● ACTION ITEM
An exact transcription is needed of the lines below from the one with "バス・シャワールーム　※別部屋の参考写真です。" through the one with "佐久間大介（Snow Man）と日村勇紀（バナナマン）。©︎日本テレビ", with no other lines and no pictures.

● EXCERPTED RECORDS
◆ ◆ ◆ ◆
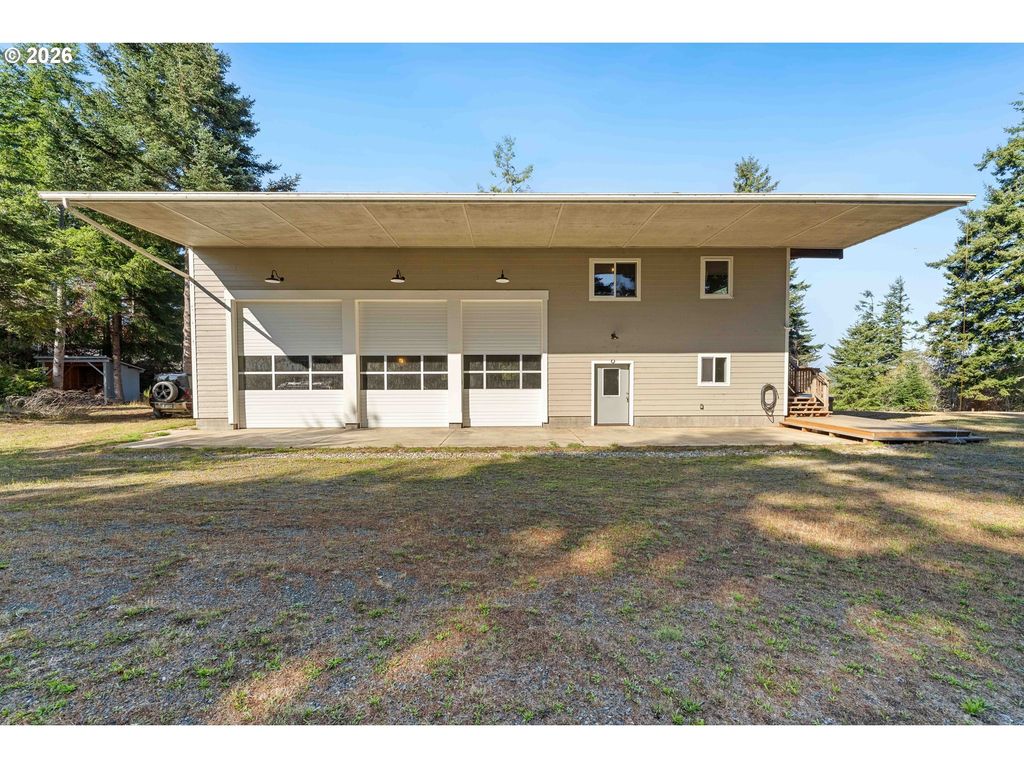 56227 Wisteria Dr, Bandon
◆ ◆ ◆ ◆
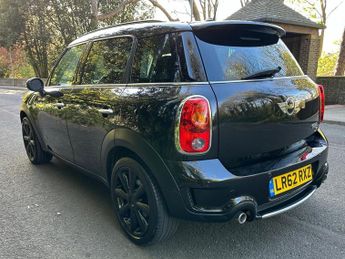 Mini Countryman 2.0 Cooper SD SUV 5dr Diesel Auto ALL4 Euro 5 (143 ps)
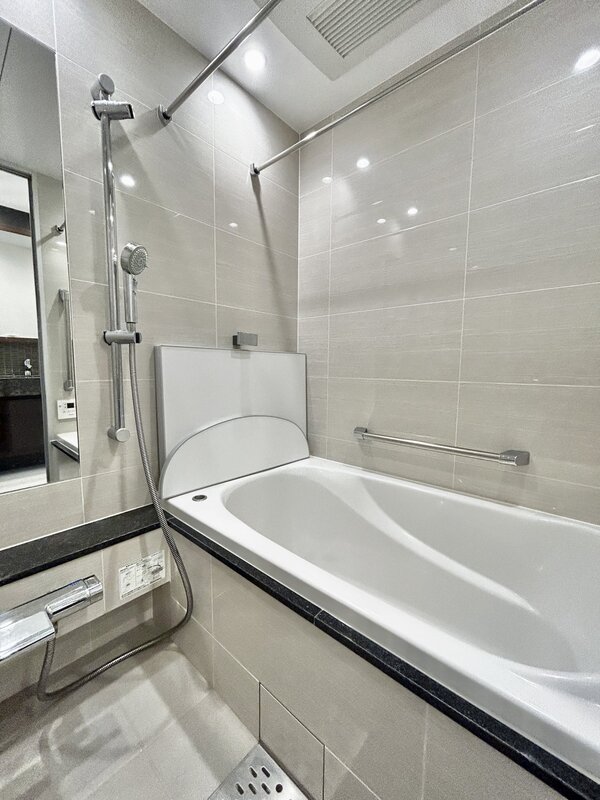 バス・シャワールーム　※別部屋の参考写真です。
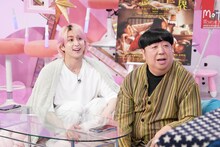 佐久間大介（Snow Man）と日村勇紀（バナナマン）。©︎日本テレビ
◆ ◆ ◆ ◆
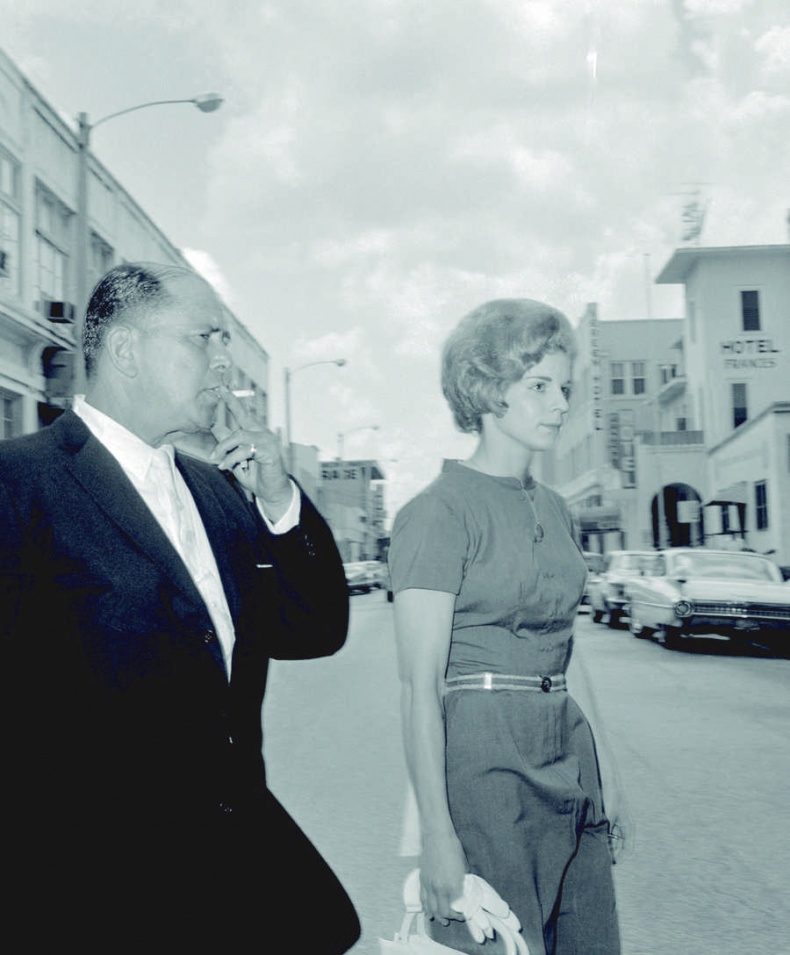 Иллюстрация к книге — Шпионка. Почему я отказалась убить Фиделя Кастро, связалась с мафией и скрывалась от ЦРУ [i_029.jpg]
◆ ◆ ◆ ◆
● EXERCISE RESULT
 バス・シャワールーム　※別部屋の参考写真です。
 佐久間大介（Snow Man）と日村勇紀（バナナマン）。©︎日本テレビ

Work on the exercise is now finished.